How would one test experimentally whether the uncertainty in question is Knightian? Assuming we do our best to make many repeatable runs of some experiment, what set of outcomes would point to the MaxEnt (or any) prior being inadequate?
shminux: I don’t know any way, even in principle, to prove that uncertainty is Knightian. (How do you decisively refute someone who claims that if only we had a better theory, we could calculate the probabilities?) Though even here, there’s an interesting caveat. Namely, I also would have thought as a teenager that there could be no way, even in principle, to “prove” something is “truly probabilistic,” rather than deterministic but with complicated hidden parameters. But that was before I learned the Bell/CHSH theorem, which does pretty much exactly that (if you grant some mild locality assumptions)! So it’s at least logically possible that some future physical theory could demand Knightian uncertainty in order to make internal sense, in much the same way that quantum mechanics demands probabilistic uncertainty.
But setting aside that speculative possibility, there’s a much more important point in practice: namely, it’s much easier to rule out that a given source of uncertainty is Knightian, or at least to place upper bounds on how much Knightian uncertainty it can have. To do so, you “merely” have to give a model for the system so detailed that, by using it, you can:
(1) calculate the probability of any event you want, to any desired accuracy,
(2) demonstrate, using repeated tests, that your probabilities are well-calibrated (e.g., of the things you say will happen roughly 60% of the time, roughly 60% of them indeed happen, and moreover the subset of those things that happen passes all the standard statistical tests for not having any further structure), and
(3) crucially, provide evidence that your probabilities don’t merely reflect epistemic ignorance. In practice, this would almost certainly mean providing the causal pathways by which the probabilities can be traced down to the quantum level.
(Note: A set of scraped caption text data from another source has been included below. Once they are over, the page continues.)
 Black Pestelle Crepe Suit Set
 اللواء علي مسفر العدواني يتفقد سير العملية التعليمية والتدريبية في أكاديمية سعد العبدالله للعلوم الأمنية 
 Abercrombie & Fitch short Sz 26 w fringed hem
Admittedly, (1)-(3) sound like a tall order! But I’d say that they’ve already been done, more or less, for all sorts of complicated multi-particle quantum systems (in chemistry, condensed-matter physics, etc.): we can calculate the probabilities, compare them against observation, and trace the origin of the probabilities to the Born rule.
Of course, if you have a large ensemble of identical copies of your system (or things you regard as identical copies), then that makes validating your probabilistic model a lot more straightforward, for then you can replace step (2) by direct experimental estimation of the probabilities. But in the above, I was careful never to assume that we had lots of identical copies—since if the freebit picture were accepted, then in many cases of interest to us we wouldn’t!
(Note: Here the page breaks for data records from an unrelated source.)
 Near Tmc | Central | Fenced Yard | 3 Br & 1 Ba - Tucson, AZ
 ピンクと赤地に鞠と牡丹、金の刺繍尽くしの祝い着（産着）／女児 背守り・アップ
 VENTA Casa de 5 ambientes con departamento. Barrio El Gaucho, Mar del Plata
This seems like too strong a statement. After all, if one knows exactly the initial quantum state at the Big Bang, then one also knows all the freebits. I believe that what you are after is not proving that no theory would allow us to calculate the probabilities, but rather that our current best theory does not. In your example, that knowing any amount of macrofacts from the past still would not allow us to calculate the probabilities of some future macrofacts. My question was about a potential experimental signature of such a situation.
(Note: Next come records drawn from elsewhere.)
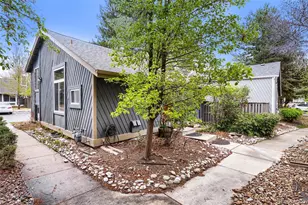 10223 E Peakview Ave, Englewood, CO 80111 - Photo 2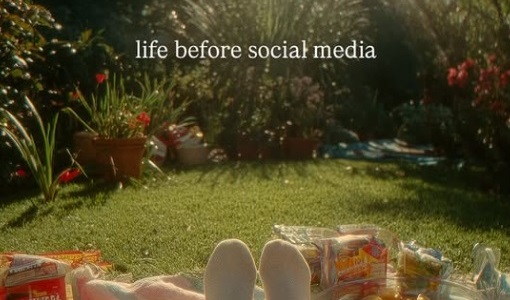 Artificial intelligence evokes nostalgia of the pre-internet and bomb… on the internet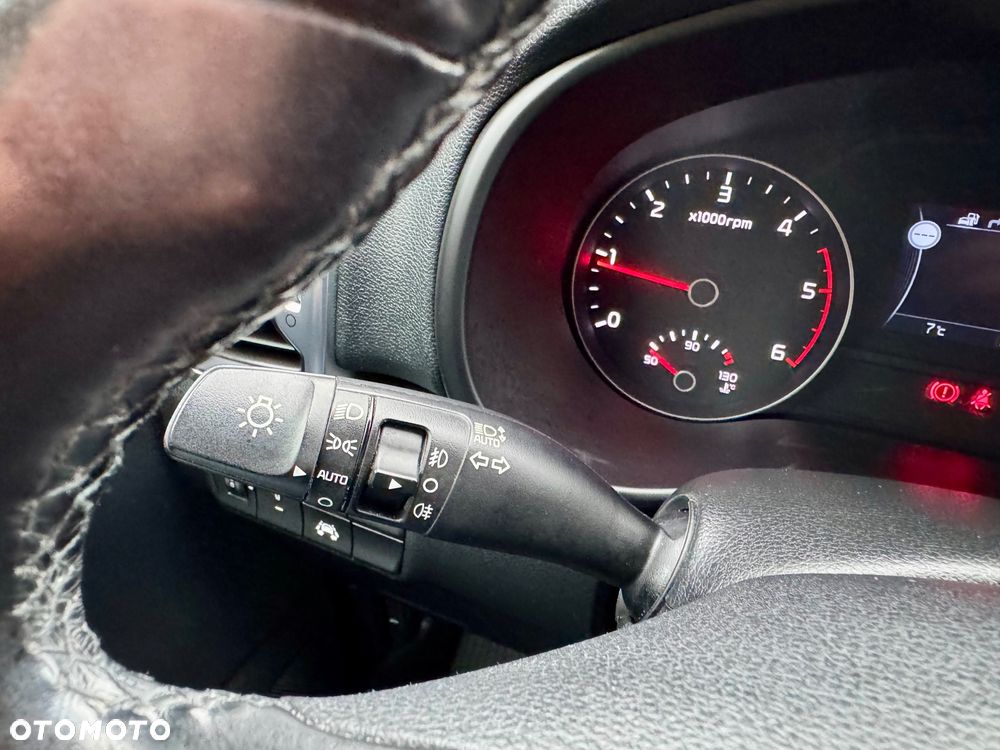 Kia Sportage 1.7 CRDI Business Line L 2WD - 28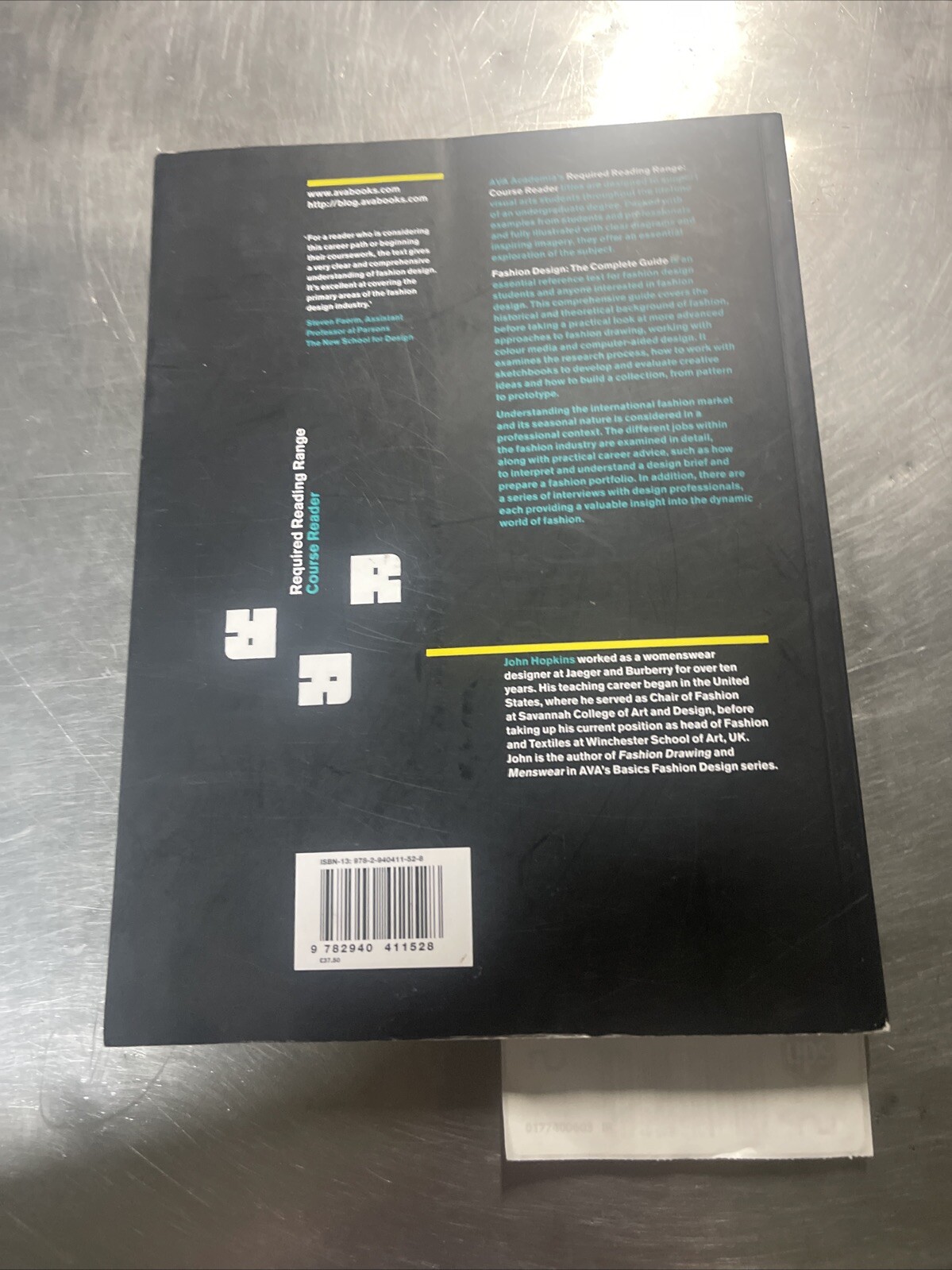 Fashion Design: The Complete Guide (Required Reading Range) – VERY GOOD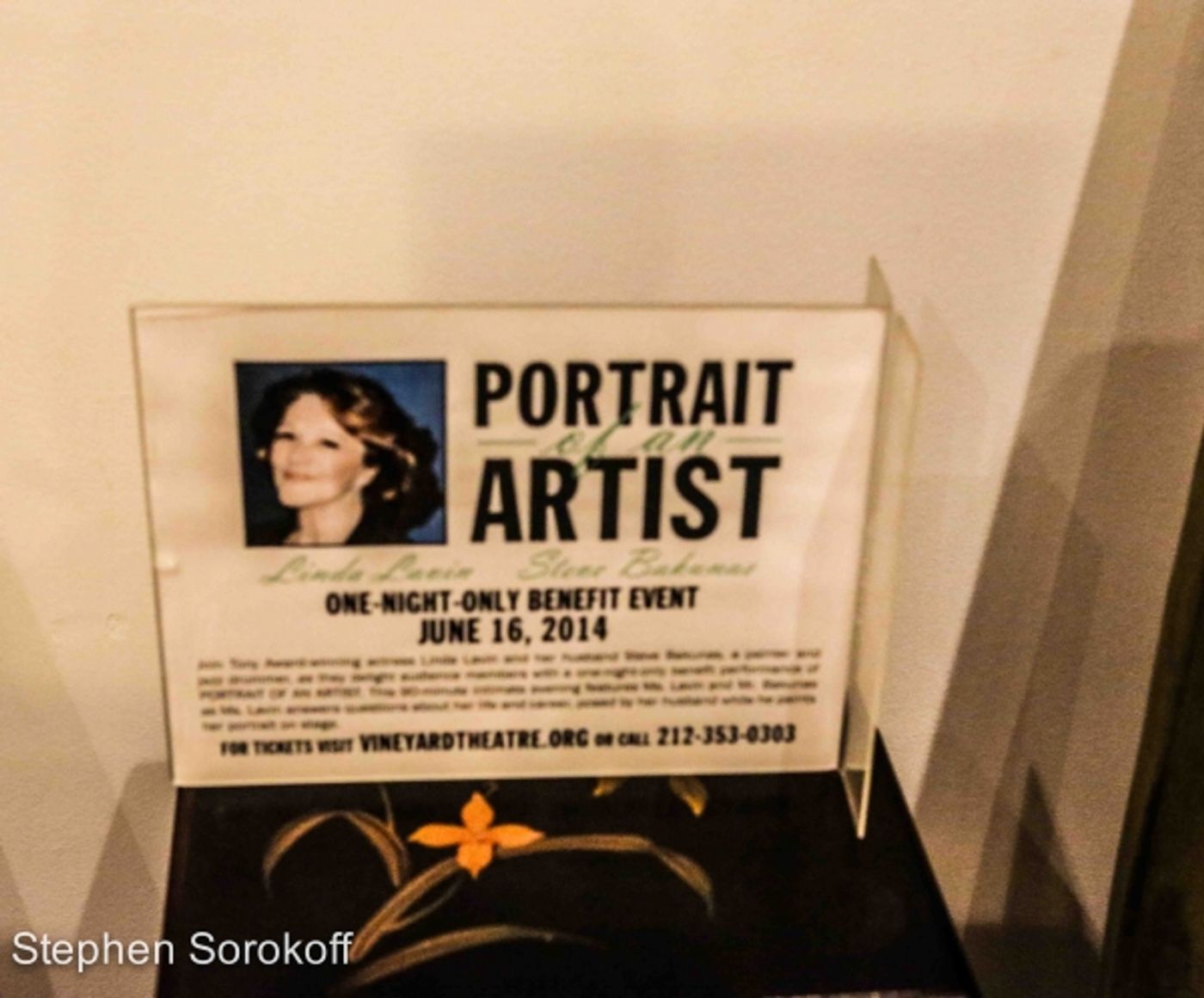 Photo Coverage: Steve Bakunas Paints Linda Lavin in  PORTRAIT OF AN ARTIST  Image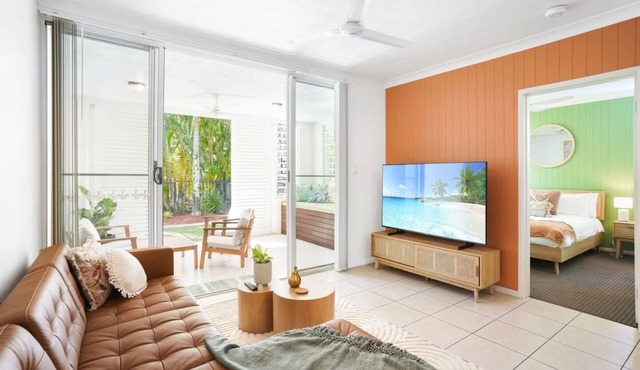 Focus on Spence - Stylish Poolside Retreat Minutes from Cairns CBD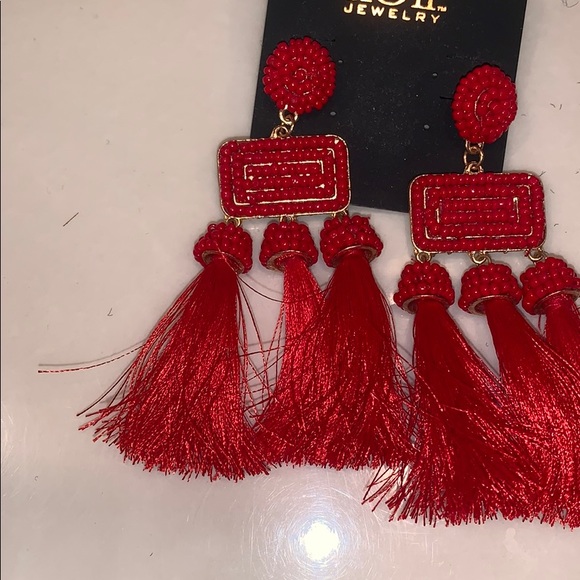 Red dangling earrings - Picture 3 of 5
I suspect that this would be a rather worthwhile question to seriously think about, potentially leading to Bell-style insights. I wonder what could be a simple toy model of a situation like that: a general theory G, a partial theory P and a set of experimental data E from which one can conclude that there is no well calibrated set of probabilities P->p(E) derivable from P only, even though there is one from G, G->p(E). Hmm, I might be letting myself to get carried away a bit.